This is confusing though, since Digital Ocean credit can mean like a referral, or by prepaying your account - something I do to prevent billing overages.
Hardly the point.

Using what you've rightfully obtained shouldn't be regarded with suspicion.

That seems even more hyperbolic. Are you suggesting that no service should attempt to detect fraud?
Of course not.

Are you suggesting that 100% usage implies fraud?

There's a difference between suspecting fraud from high resource usage and equating high resource usage with fraud.

The latter is what is happening, here, and its outrageous.

I can assure you we run AWS instances at 100% with no problem at all. (Well, no problem from AWS; sometimes it's caused by a software bug.)
That's not true. A proper cloud provider (AWS or Azure) would not bat an eye because the CPU is frequently pegged at 100%.
That sounds odd to me. Especially given that digitalocean is the default dynamic provider for Gitlab CI builds which _will_ run droplets at 100% CPU.
From what I understand, they’re not saying you’re not allowed to use 100% for (what their user agreements define as) legitimate uses.
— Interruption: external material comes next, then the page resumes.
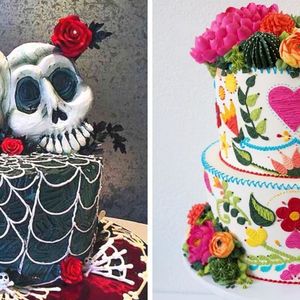 29 unikatowych tortów weselnych których pomysłowość i niezwykły talent twórców oczaruje każdego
They’re saying several droplets suddenly created and immediately going to 100% flags them as suspicious activity for human review. Looks like after such review, they would flag them as legitimate and all would be fine, 100% CPU or not.

They’ve botched that second step though.

That doesn't make sense to me. You pay for the time you have the droplets running, so it seems kind of silly to have them sit idle for a bit before you give them work to do.
I don't work at a cloud provider, but I think the reasoning is:

It's a common pattern in malicious actors to immediately spin up several droplets and immediately peg the CPU on each one.

There are, obviously, non-malicious actors who do the same, but it's a bit like wearing a balaclava in public: Likely to raise some suspicion just because it's associated with malicious actors.

Not sure what the materialization of that suspicion might look like -- competitors trying to crush DO's business? mass account creation or mass fraudulent logins? "mining crypto"? What I could come up felt quote-unquote legit grounds for a timed suspension but only instinctively so.
> I'd expect to be able to use the resources I bought without risk of being suspended

They weren't bought resources at the time, they were on credit. In this case a false positive for sure.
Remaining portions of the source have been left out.